PROBLEM TO SOLVE> The lines to transcribe begin with the one containing "Apple Watch Ultra" and end with the last line below; reproduce them exactly, without the pictures.

[Stored records]
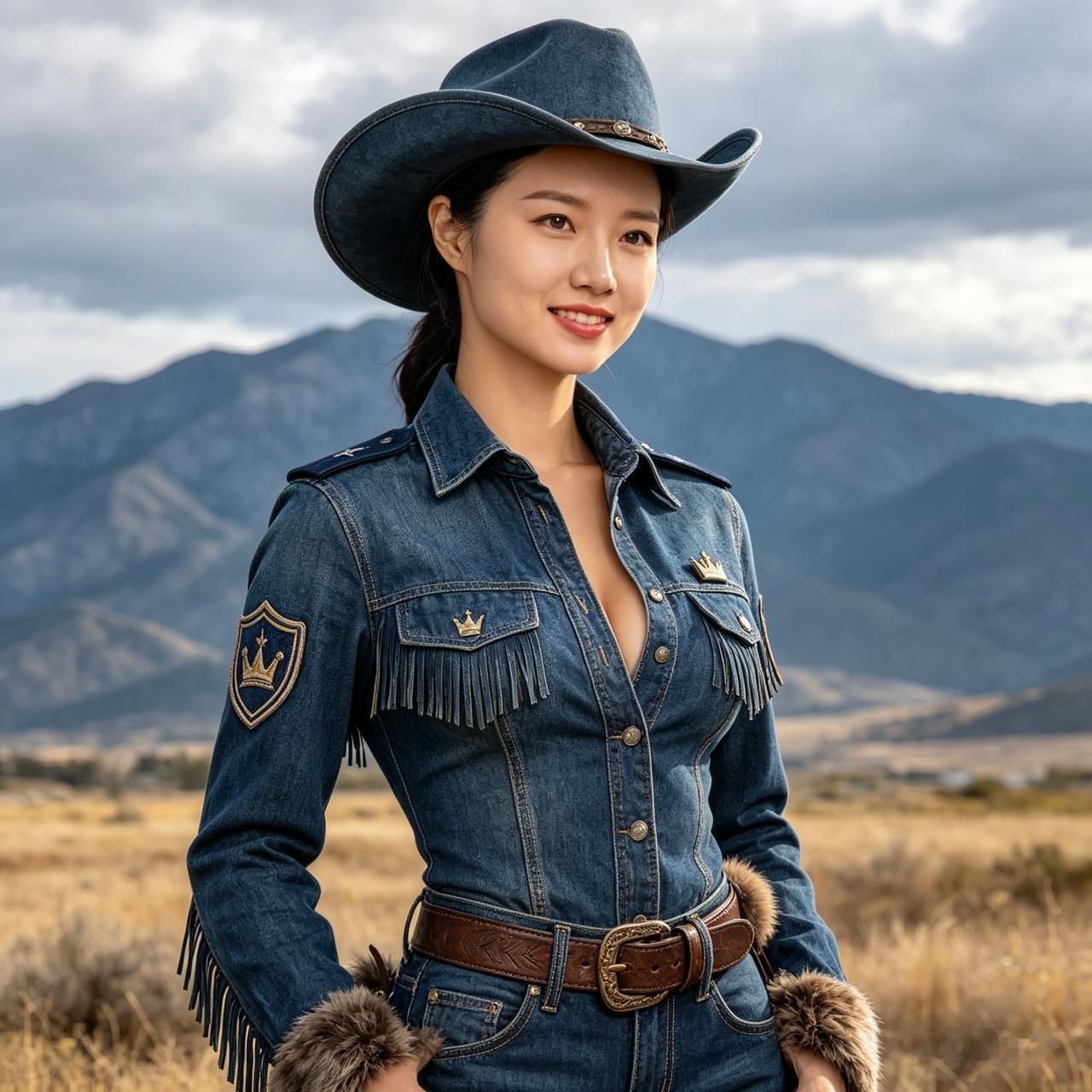 美女五官精致，苗条紧致身形，全套复古牛仔装配皇冠金属标、刺绣臂章与流苏皮饰，铜扣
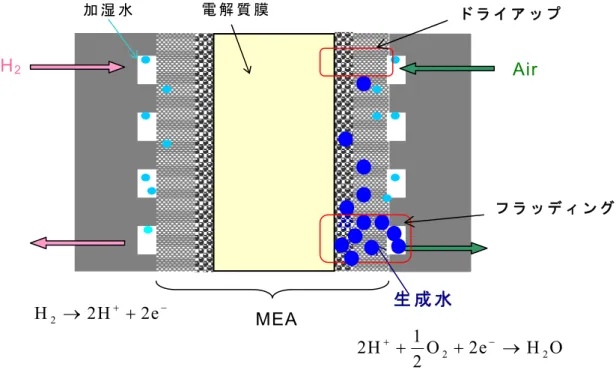 Figure 8  PEFC の カ ソ ー ド 電 極 内 の 水 分 布 の 模 式 図生 成 水H2加 湿 水電 解 質 膜 Air  OHe22OH12++2+−→2−++→2H2eH2MEA  ド ラ イ ア ッ プ   フ ラ ッ デ ィ ン グ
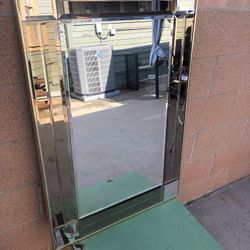 Classic Vintage 1989 Heavy Beveled  Combination of Smoky and Clear Glass Mirror in Gold Chrome Frame:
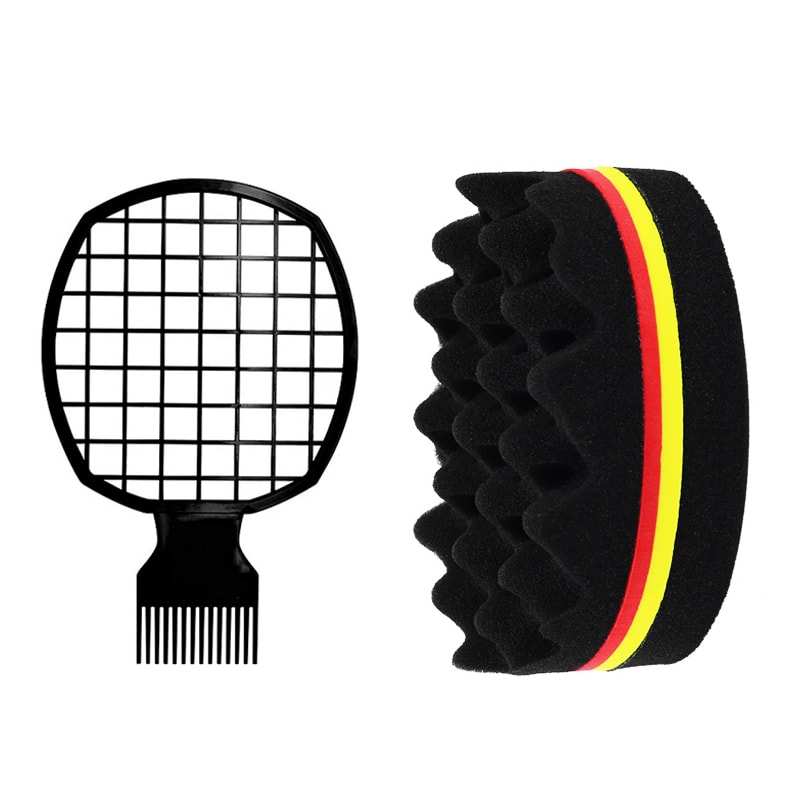 Afro Twist Hair Comb Sponge Set Curly Hair Styling Brush For Men Women 6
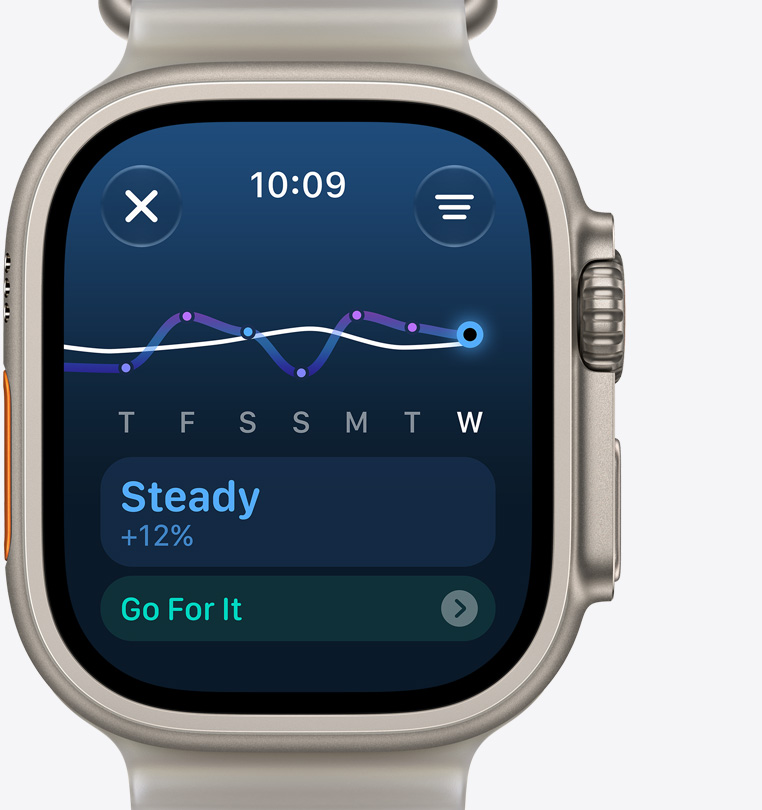 Apple Watch Ultra 4, training load screen indicates steady increase, titanium case, natural color, connected to Ocean Band, translucent gray color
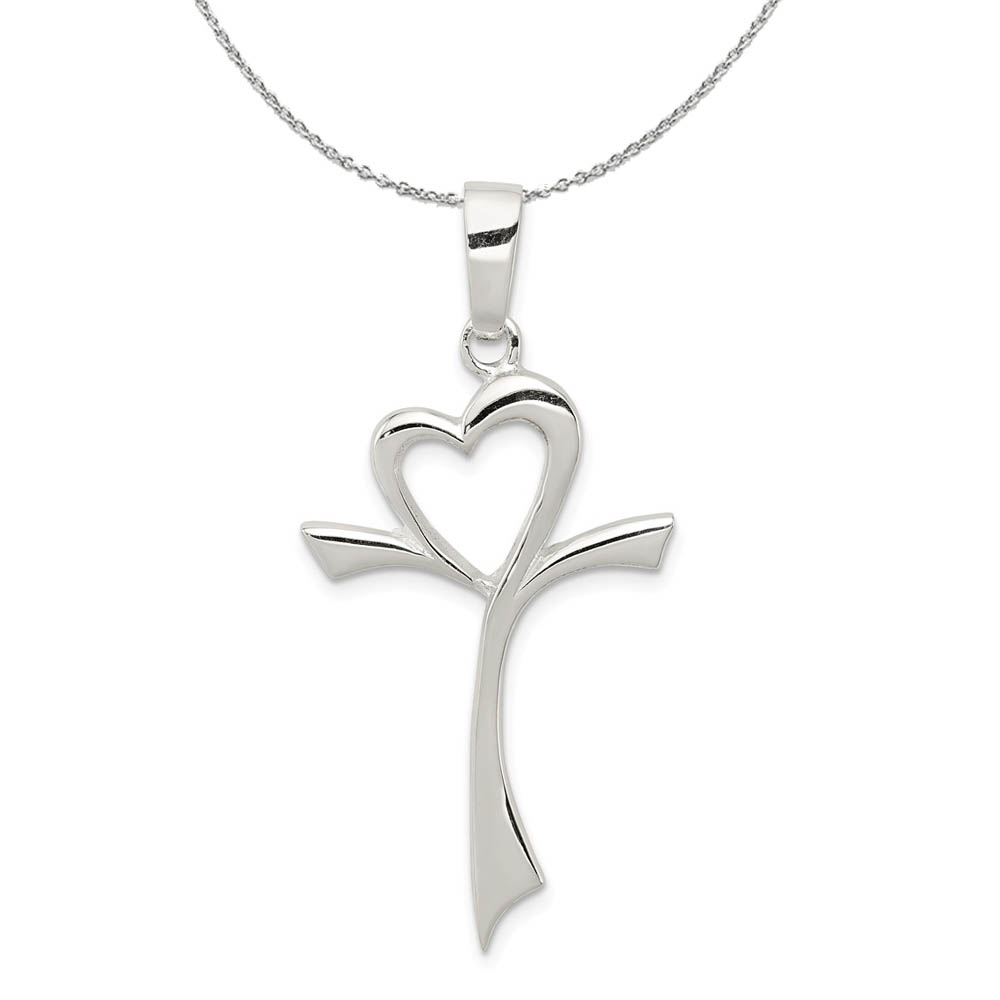 Sterling Silver Polished Heart Cross Necklace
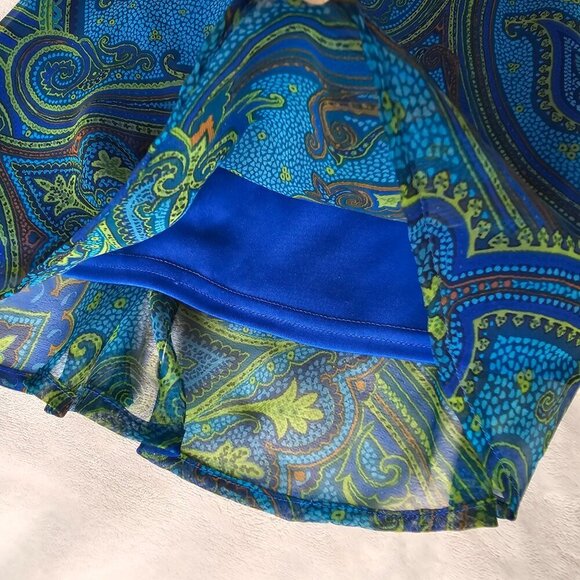 Women's Green/Blue Paisley Print Summer Dress By City Triangles, Size 7 - Picture 11 of 15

SOLUTION TO THIS EXERCISE>
 Apple Watch Ultra 4, training load screen indicates steady increase, titanium case, natural color, connected to Ocean Band, translucent gray color
 Sterling Silver Polished Heart Cross Necklace
 Women's Green/Blue Paisley Print Summer Dress By City Triangles, Size 7 - Picture 11 of 15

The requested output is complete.